-- Task prompt --
Below are entries. Give back exactly the lines from the one containing "Boston's Jaylen Brown" through the one containing "unfurnished bedroom with", inclusive, without the pictures.

*** Opening of Task data ***

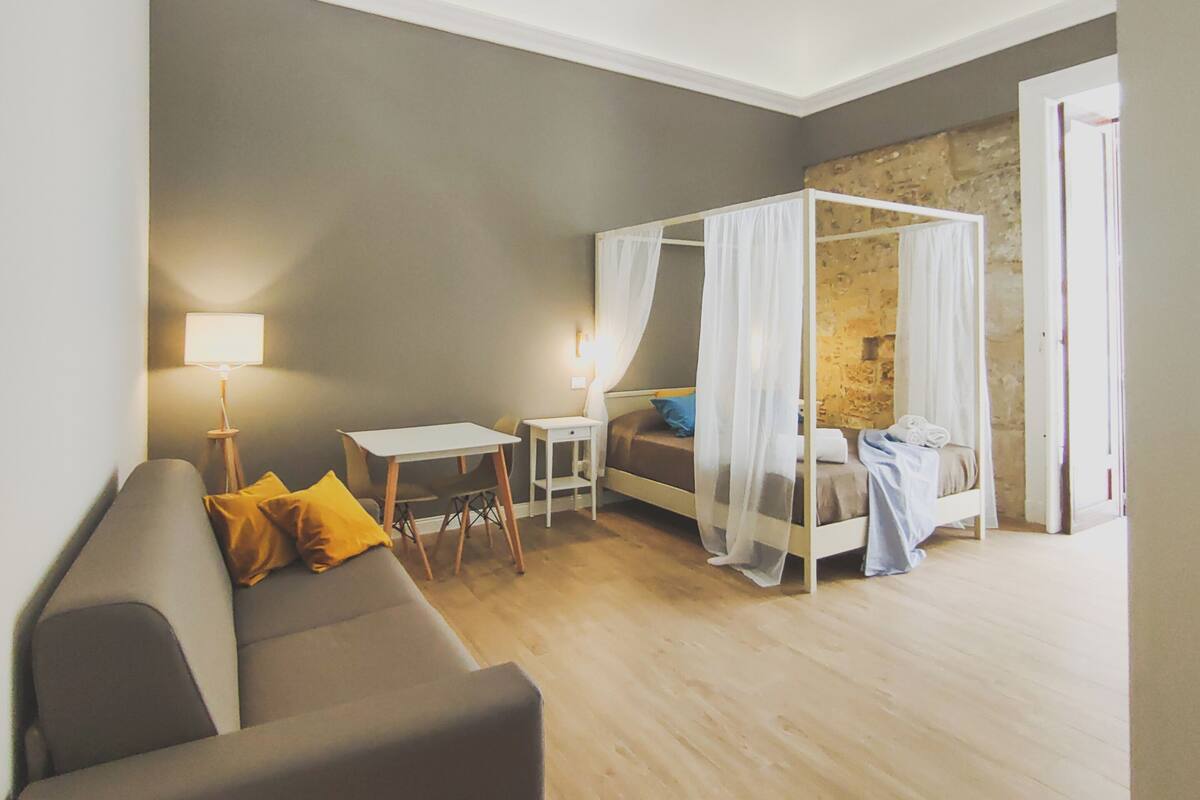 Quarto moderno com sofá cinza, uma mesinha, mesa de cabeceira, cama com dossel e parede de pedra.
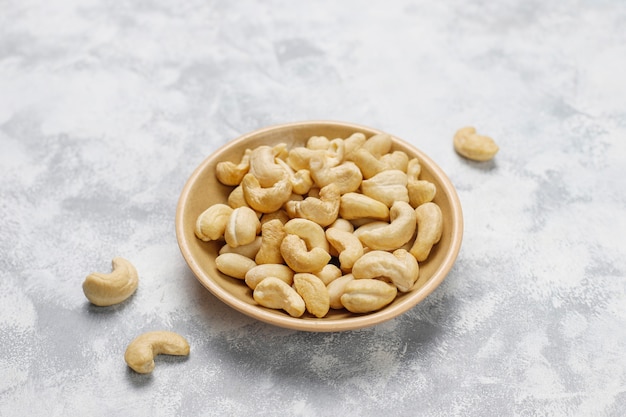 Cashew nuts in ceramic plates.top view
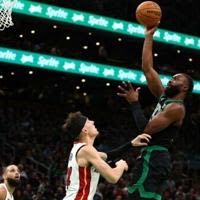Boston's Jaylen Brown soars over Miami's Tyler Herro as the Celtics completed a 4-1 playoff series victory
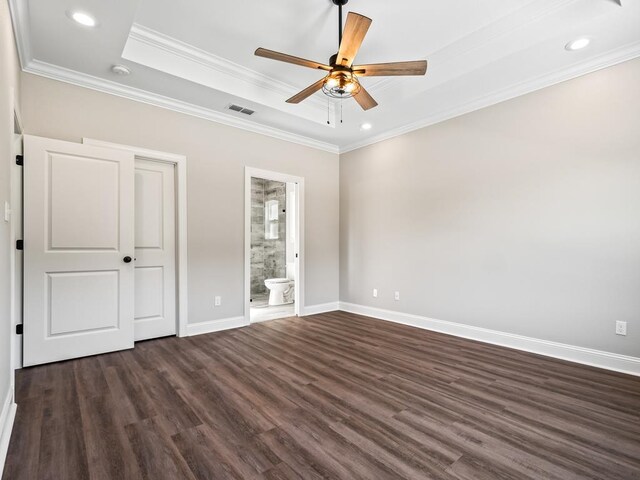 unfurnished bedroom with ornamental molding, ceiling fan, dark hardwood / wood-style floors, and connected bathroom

*** Close of Task data ***
*** Opening of Task data ***

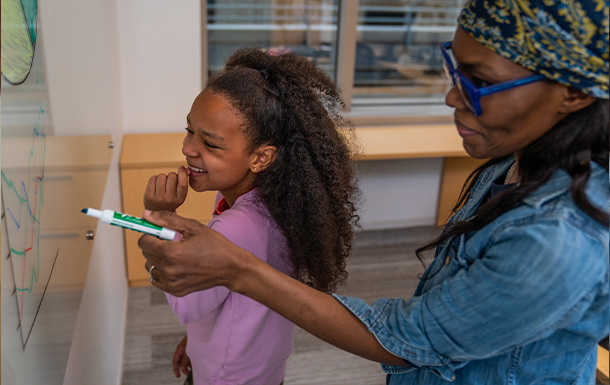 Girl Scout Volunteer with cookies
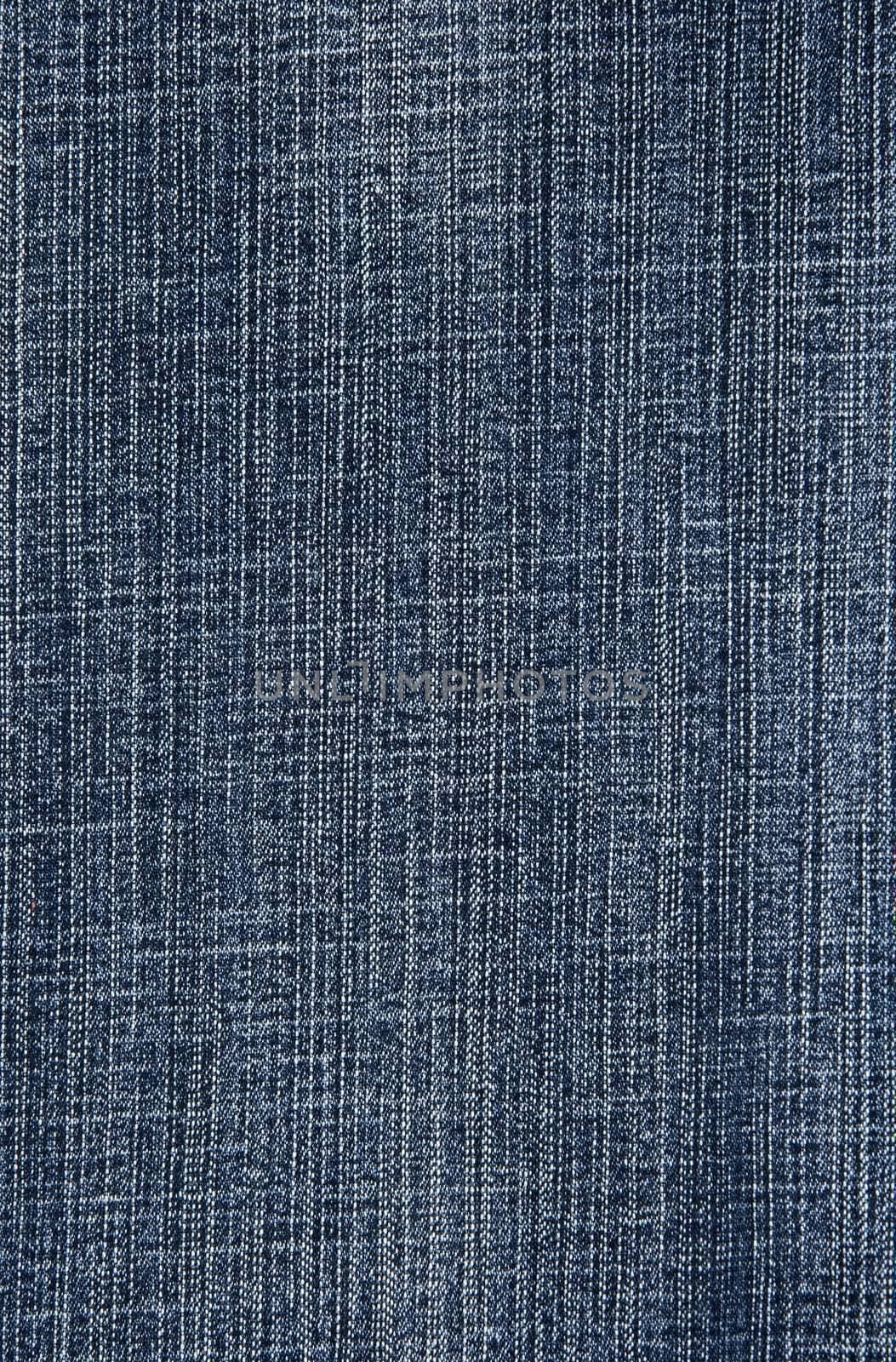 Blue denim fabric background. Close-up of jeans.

*** Close of Task data ***

-- Task response --
Boston's Jaylen Brown soars over Miami's Tyler Herro as the Celtics completed a 4-1 playoff series victory
 unfurnished bedroom with ornamental molding, ceiling fan, dark hardwood / wood-style floors, and connected bathroom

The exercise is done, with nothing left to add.